━━━ Record extracts ━━━

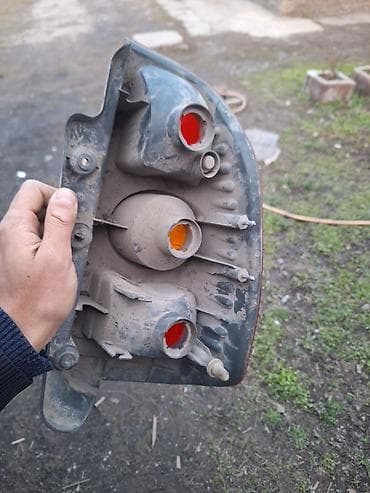 Передние фары: Задний фонарь левый Mitsubishi space star без сколов, всё целое — 2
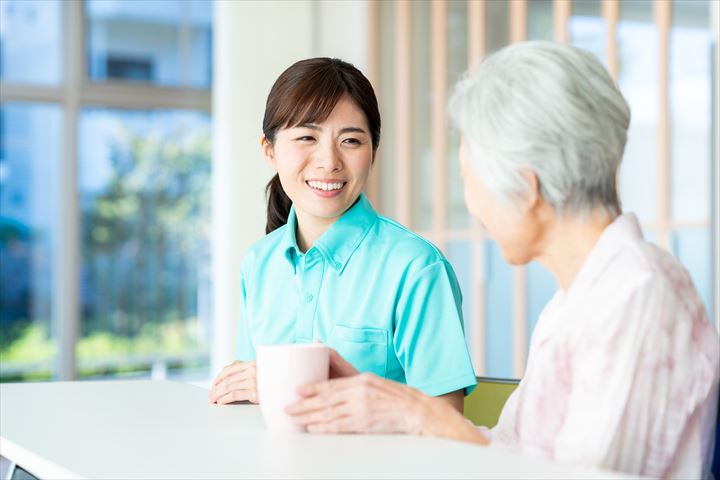 《川崎市宮前区》週払いOK・介護老人保健施設での介護スタッフ！（日勤・資格を活かす）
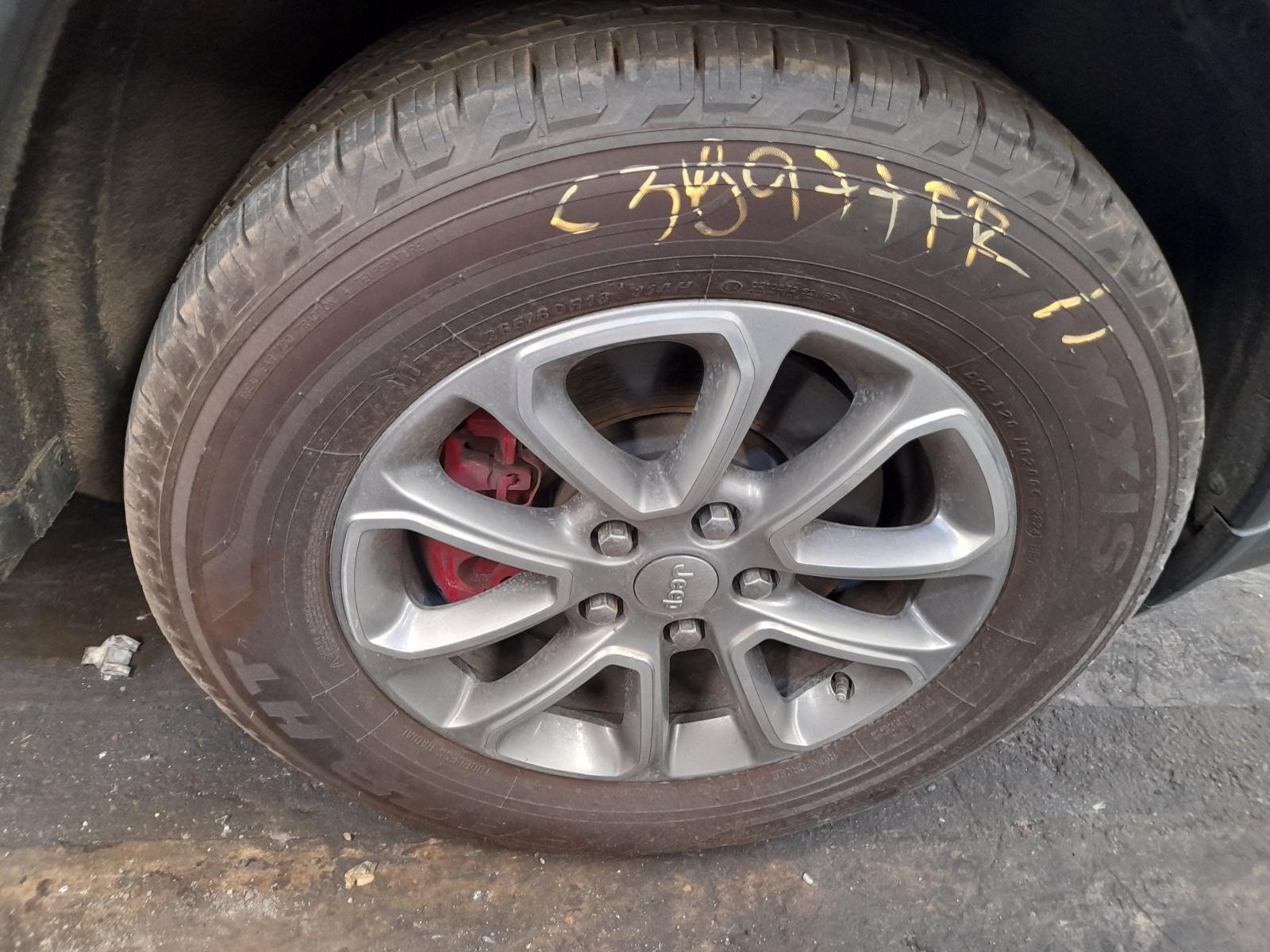 View Auto part Wheel Mag Jeep Grandcherokee 2014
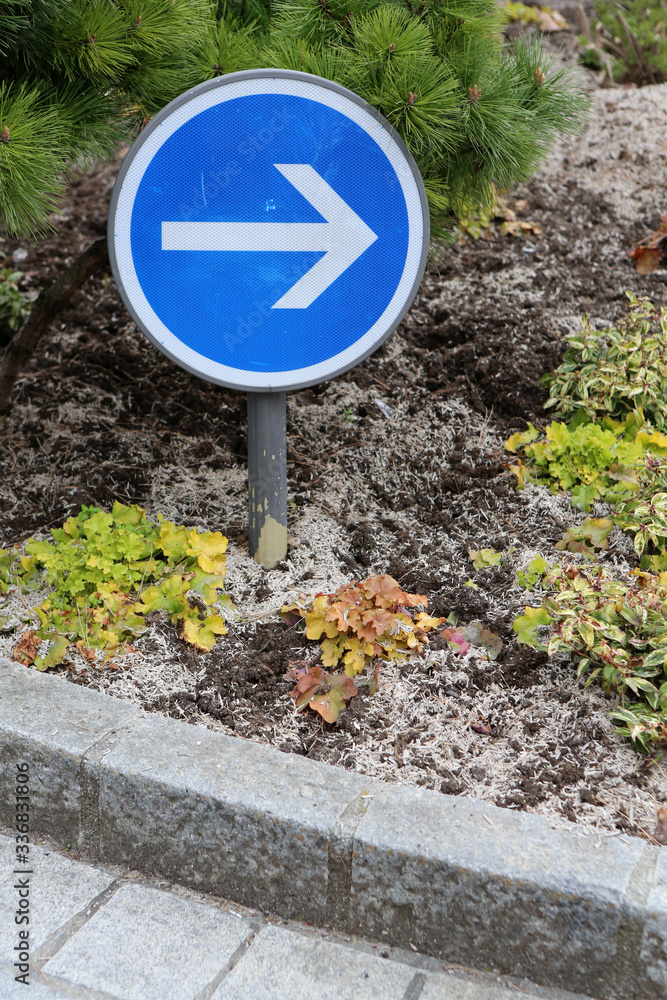 Panneau de signalisation routière sur un rond-point. Flèche directionnelle. Panneau de signalisation routière sur un rond-point. Flèche directionnelle.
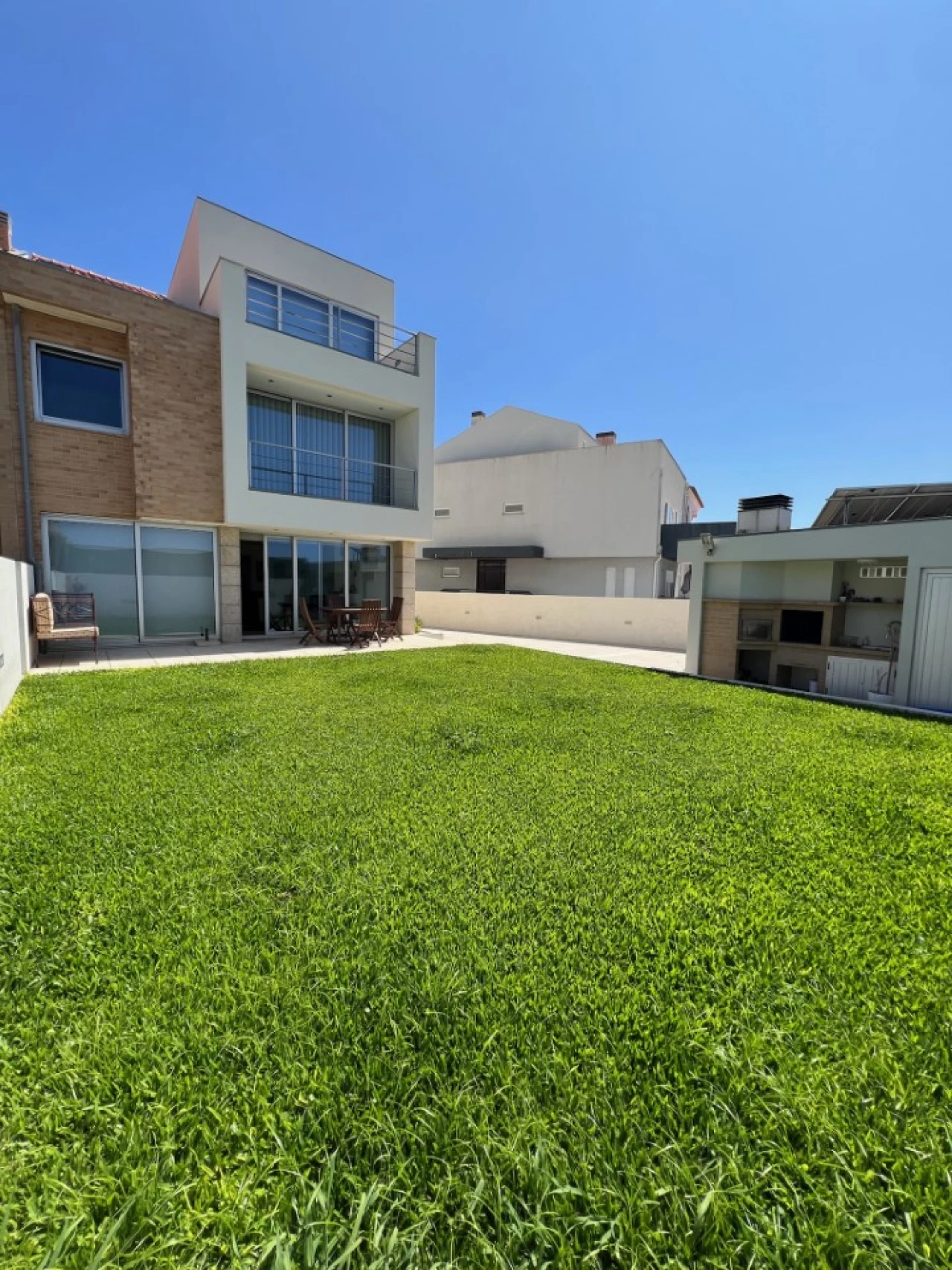 Moradia T3 para Venda em Arcozelo Foto 4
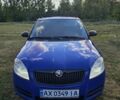 Синий Шкода Фабия, объемом двигателя 1.2 л и пробегом 172 тыс. км за 3700 $, фото 2 на Automoto.ua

━━━

Word-for-word output of every record is needed, with images omitted.

→ **Expected answer**
 Передние фары: Задний фонарь левый Mitsubishi space star без сколов, всё целое — 2
 《川崎市宮前区》週払いOK・介護老人保健施設での介護スタッフ！（日勤・資格を活かす）
 View Auto part Wheel Mag Jeep Grandcherokee 2014
 Panneau de signalisation routière sur un rond-point. Flèche directionnelle. Panneau de signalisation routière sur un rond-point. Flèche directionnelle.
 Moradia T3 para Venda em Arcozelo Foto 4
 Синий Шкода Фабия, объемом двигателя 1.2 л и пробегом 172 тыс. км за 3700 $, фото 2 на Automoto.ua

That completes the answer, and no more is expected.